Pada awal Desember, News melaporkan bahwa Meta berencana untuk menghabiskan $ 10 juta untuk membangun sistem kabel serat optik baru yang akan membentang lebih dari 40.000 kilometer di seluruh dunia. Perairan yang disengketakan di Laut Cina Selatan semakin menyebabkan sakit kepala bagi perusahaan kabel yang terperangkap dalam perselisihan teritorial China dengan tetangga mereka. Orang dalam industri mengatakan itu mengganggu pembangunan kabel optik kapal selam baru, menyebabkan penundaan pemeliharaan yang sangat dibutuhkan, dan meningkatkan biaya operasi kabel optik kapal selam.
Ini tidak menjadi pertanda baik. Laut Cina Selatan China adalah jalur air utama dan salah satu tempat penangkapan ikan terpenting di dunia, dengan kabel optik kapal selam lebih rentan terhadap kerusakan daripada di mana saja di dunia. The Washington Post mengutip ICPC mengatakan bahwa kegagalan kabel optik terjadi setidaknya sekali setiap beberapa minggu. Namun, operator kabel serat optik bawah air semakin mencari cara baru untuk menghubungkan timur dan barat untuk menghindari tantangan meletakkan kabel baru di perairan yang disengketakan. Tetapi rute yang lebih bundaran kurang langsung, dengan biaya puluhan juta dolar. Para ahli mengatakan cara paling langsung dan efektif untuk memenuhi permintaan yang meningkat untuk koneksi jaringan di Asia adalah dengan meletakkan kabel optik di Laut Cina Selatan Tengah, dengan cabang -cabang jalur utama di kedua sisi.

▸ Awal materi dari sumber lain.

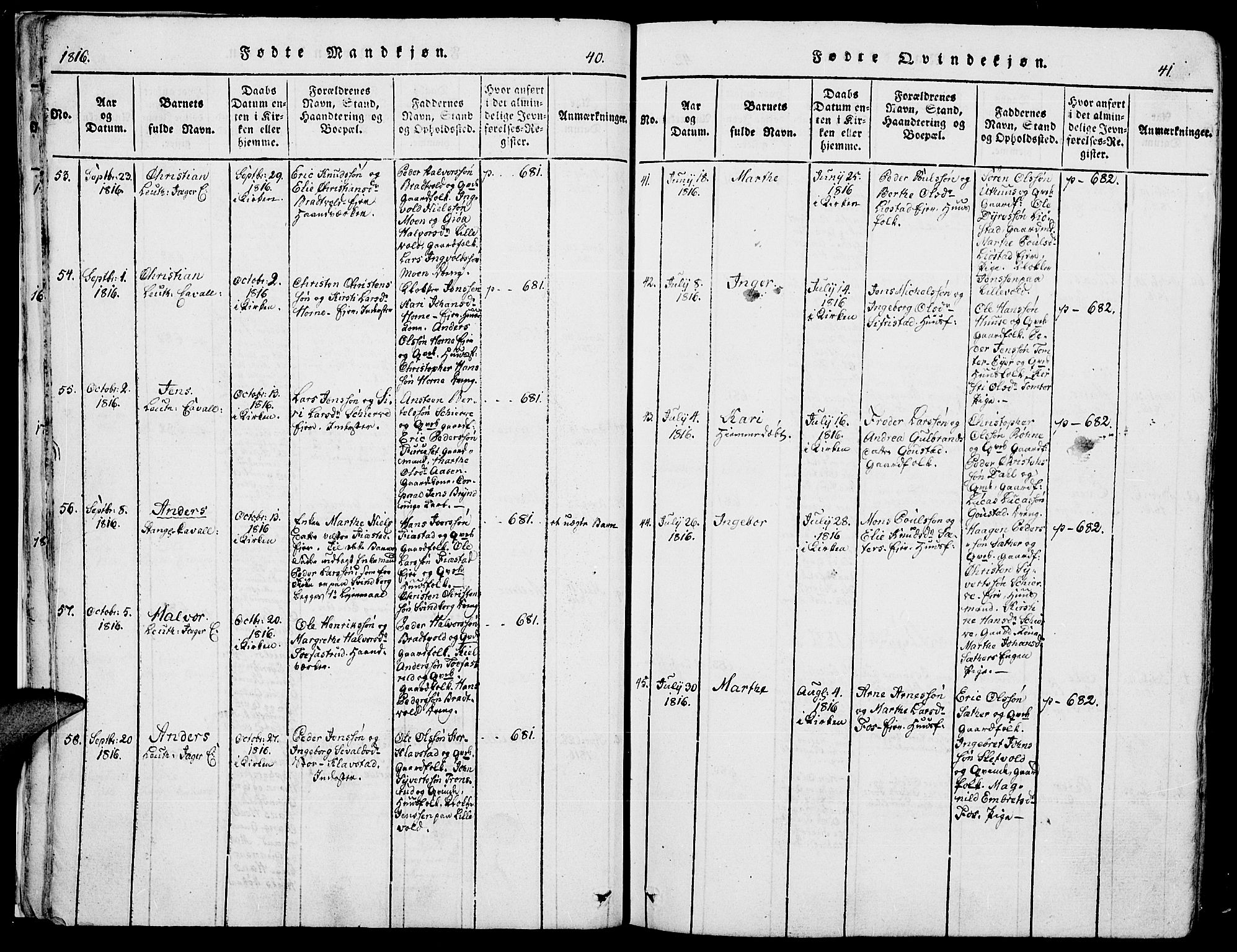 Romedal prestekontor, AV/SAH-PREST-004/K/L0002: Parish register (official) no. 2, 1814-1828, p. 40-41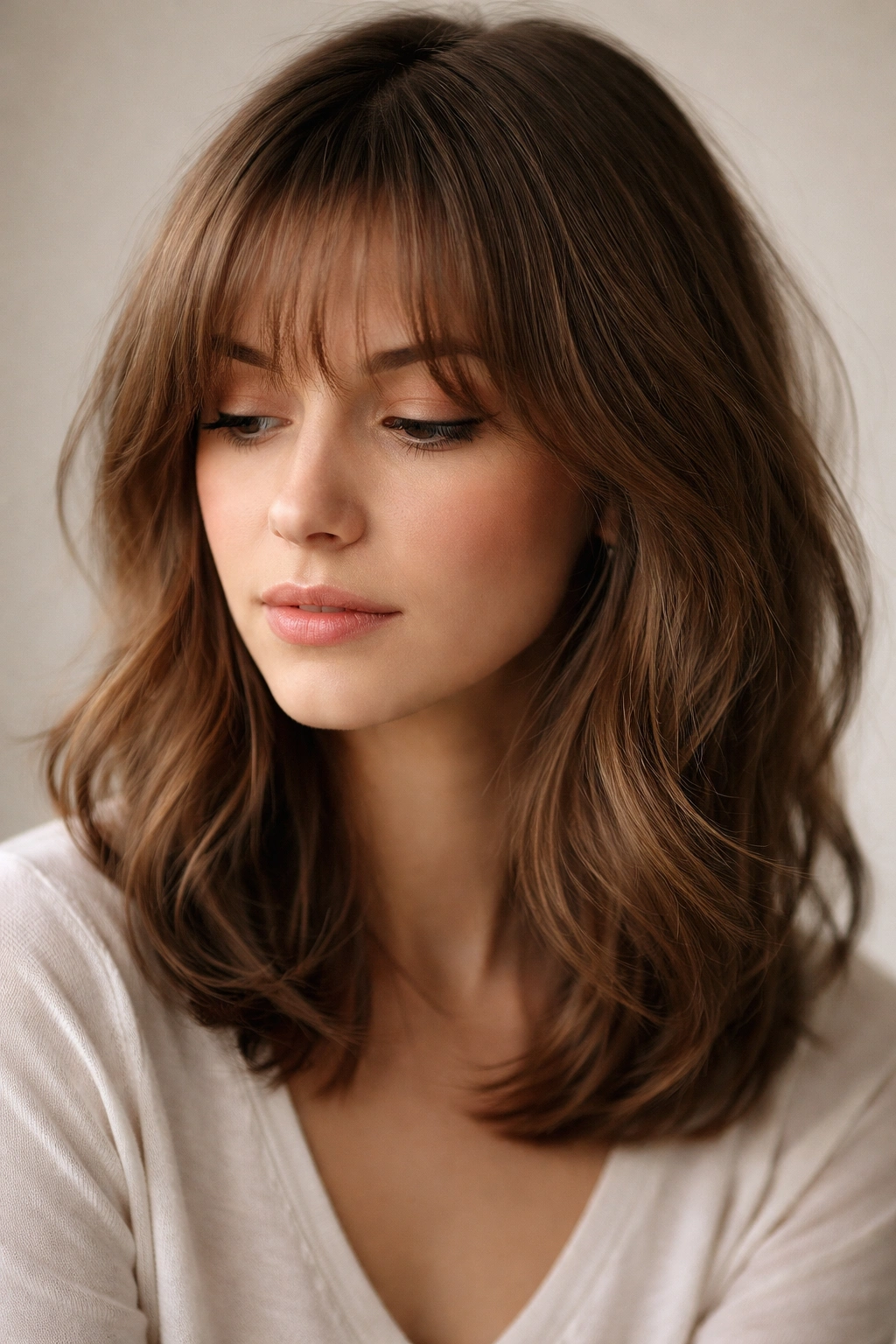 18 Bangs To Try With Medium Length Hair 19 Portrait of a person with medium-length hair and wispy bangs in a thoughtful pose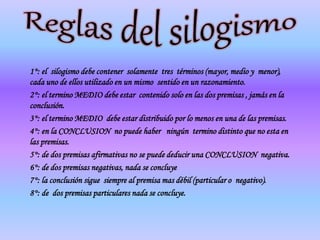 1°: el silogismo debe contener solamente tres términos (mayor, medio y menor),
cada uno de ellos utilizado en un mismo sentido en un razonamiento.
2°: el termino MEDIO debe estar contenido solo en las dos premisas , jamás en la
conclusión.
3°: el termino MEDIO debe estar distribuido por lo menos en una de las premisas.
4°: en la CONCLUSION no puede haber ningún termino distinto que no esta en
las premisas.
5°: de dos premisas afirmativas no se puede deducir una CONCLUSION negativa.
6°: de dos premisas negativas, nada se concluye
7°: la conclusión sigue siempre al premisa mas débil (particular o negativo).
8°: de dos premisas particulares nada se concluye.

Selama beberapa dekade, jaringan 11 sistem kabel optik kapal selam di bawah Laut Cina Selatan telah menghubungkan hub -pusat utama Asia seperti Singapura, Hong Kong, dan Jepang dengan bagian lain dunia. Di sisi lain, Cina memiliki 15 sistem kabel kapal selam seperti itu - yang semuanya telah digunakan sejak 1994 - sebagai hubungannya dengan dunia luar. Menurut analisis oleh Nikkei Asia, kabel serat optik kapal selam perang teknologi antara Cina dan Amerika Serikat telah mempengaruhi setidaknya enam proyek kabel optik internasional dalam lima tahun terakhir, dan lebih dari 50.000 kilometer kabel optik telah ditunda, dihentikan, atau didesain ulang.
Dengan lobi kolaboratif dari Amerika Serikat, tiga proyek kabel trans-Pasifik yang didanai AS telah mengubah kursus, menghindari Laut Cina Selatan dan melintasi perairan yang berbatasan dengan Indonesia dan Filipina. Tiga kabel optik internasional yang menghubungkan kabel kapal selam Hong Kong dijadwalkan selesai pada tahun 2025. Tetapi selama empat tahun terakhir, pemerintah AS telah memblokir setidaknya tiga proyek kabel optik yang menghubungkan Hong Kong dan Amerika Serikat dengan alasan kekhawatiran bahwa Cina mungkin memantau atau menghancurkan komunikasi.

Di sisi lain, direncanakan untuk meletakkan 4 kabel optik di Jepang dan 7 kabel optik di Singapura setelah 2024. Selain itu, sembilan kabel optik akan diletakkan di Guam, yang terletak di antara Amerika Serikat dan Asia Tenggara.